Alternatively, row reduce the matrix. Since you've already noted that $a = 0$ makes the matrix invertible, you needn't worry about this case when row reducing.
For row reduction, I'll do the first step so you can see how it's done. Let's have $R_2 \rightarrow R_1-aR_2$ (i.e. in place of row 2 put row 1 - $a$ times row 2). Then the matrix becomes
$$\left(\begin{array}{c} a & 1 & 1 \\ 0 & 1-a^2 & 1-a \\ 1 & 1 & a\end{array}\right).$$
Doing the same thing for row 3 (that is row 3 goes to row 1 minus $a$ times row 3) gives
$$\left(\begin{array}{c} a & 1 & 1 \\ 0 & 1-a^2 & 1-a \\ 0 & 1-a & 1-a^2\end{array}\right).$$
We want to eliminate downwards again. Before doing so, note that if $a=1$, our second row becomes $0$, meaning that for $a=1$, our matrix is not invertible (since it is row equivalent to a matrix with a row of zeroes).
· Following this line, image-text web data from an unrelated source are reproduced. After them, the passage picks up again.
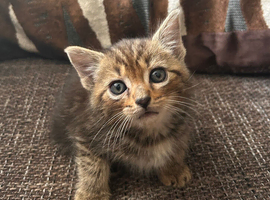 Angora Persian Mixed Kittens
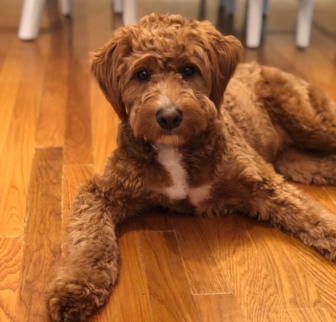 Winnie Mini Goldendoodle puppy Winnie Mini Goldendoodle puppy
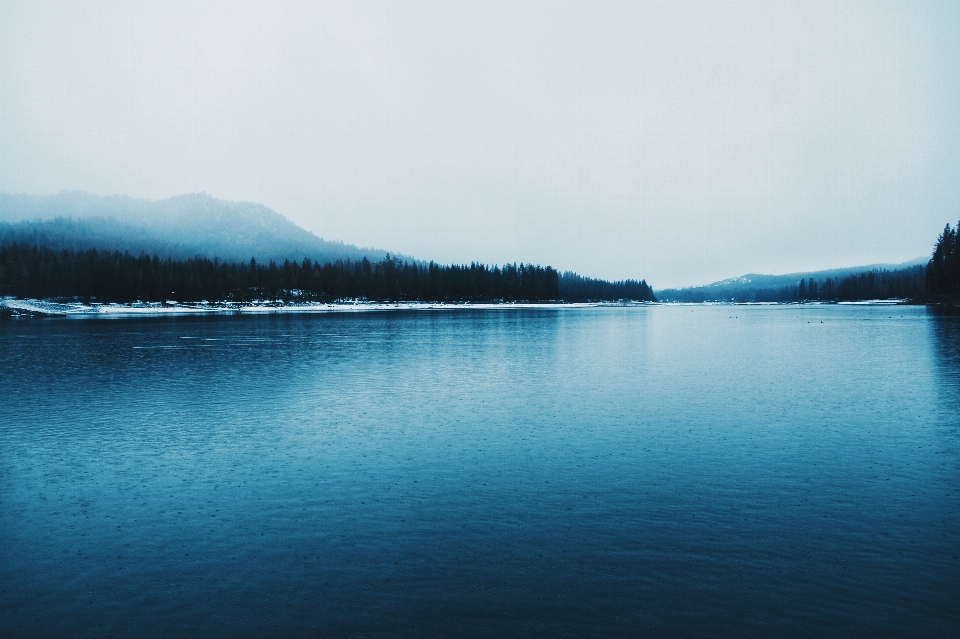 Sea water nature forest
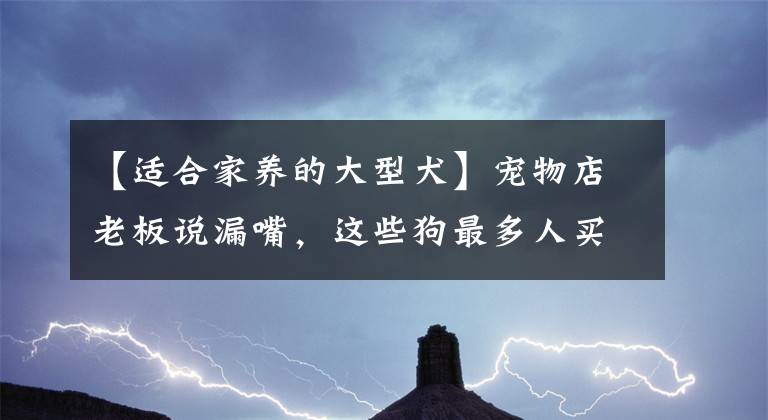 【適合家養(yǎng)的大型犬】寵物店老板說漏嘴，這些狗最多人買，好養(yǎng)又不貴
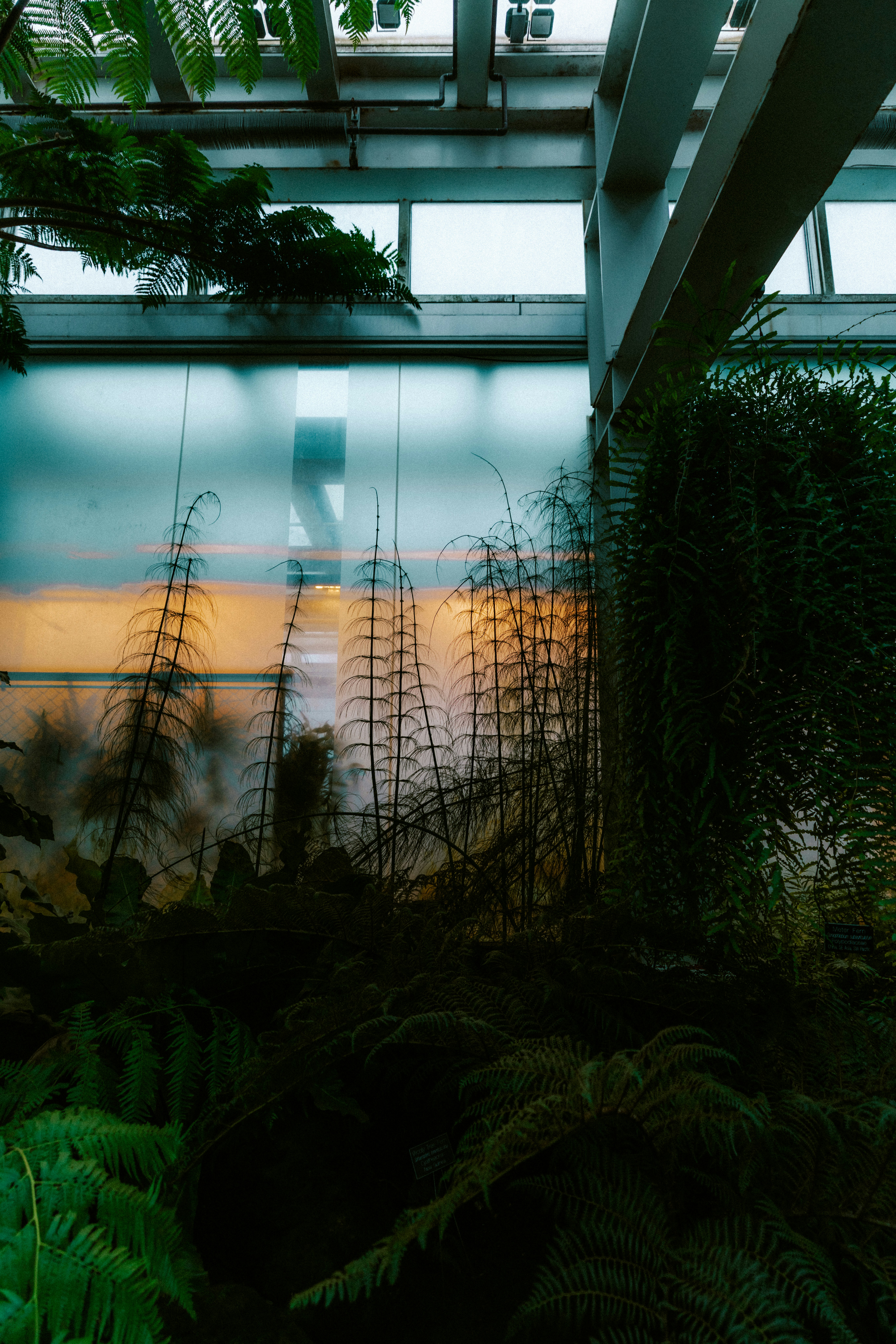 Photo by brookebalentine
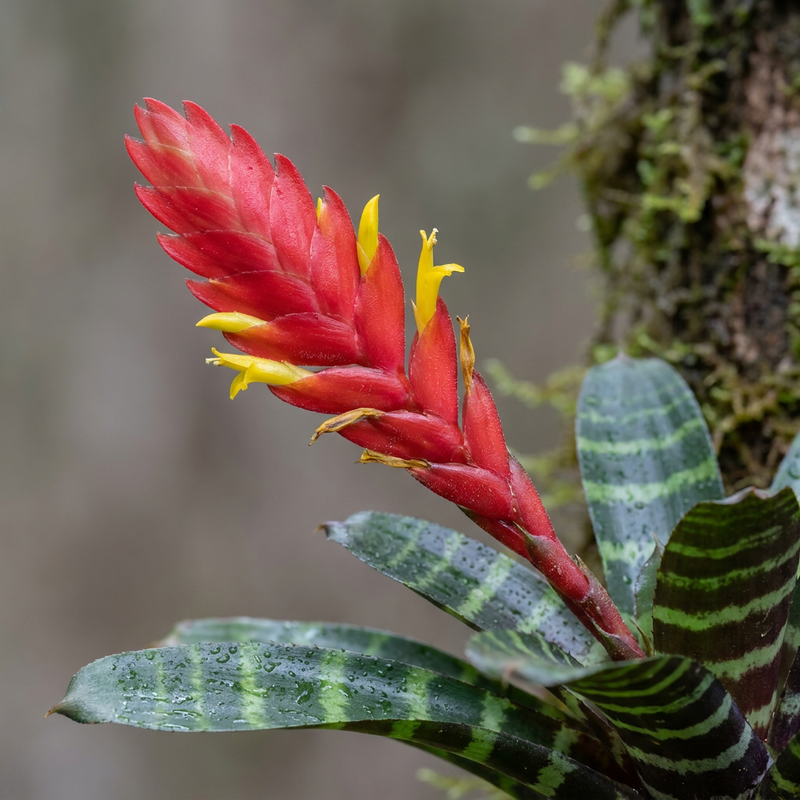Flammendes Schwert (Vriesea splendens), KI-Illustration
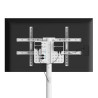 Ewent EW1550 soporte para TV 2,18 m (86") Blanco | APLIUM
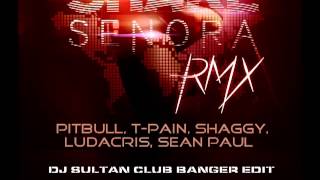 SHAKE SENORA - PITBULL T-PAIN SHAGGY LUDACRIS SEAN PAUL DJ SULTAN CLUB BANGER EDIT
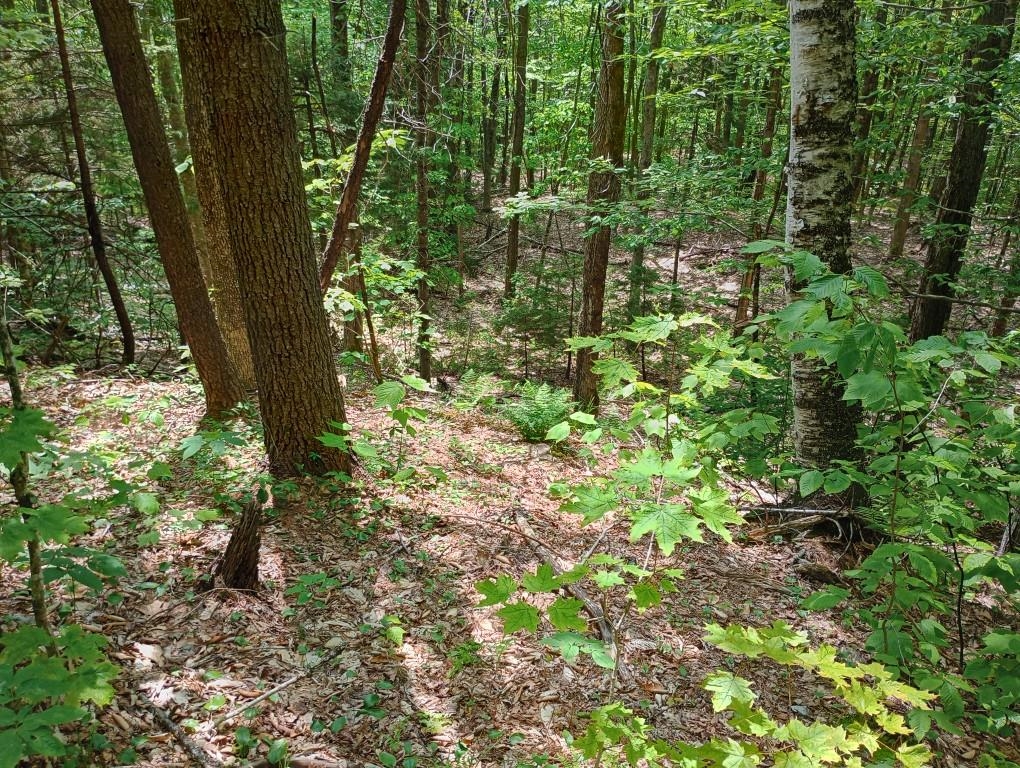 Hill Road Grafton, NH 03240 - Photo 15 of 26 Gallery Image 15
With that said, let's replace row 3 by row 3 times $1+a$ minus row 2. Then our matrix becomes
$$\left(\begin{array}{c} a & 1 & 1 \\ 0 & 1-a^2 & 1-a \\ 0 & 0 & 1+a-a^2-a^3-1+a\end{array}\right).$$
The lower right element can be rewritten as $2a - a^2 -a^3.$ For our matrix to not be invertible, we need this element to be $0$ (so we have a row of zeroes). But the zeroes of this are $a = 0,1,-2$. We've already ruled out $a=0$ as a solution (well you did that) and accounted for $a=1$ as a value that makes the matrix noninvertible so the only other solution is $a=-2$.
So for $a=1,-2$ the matrix is not invertible.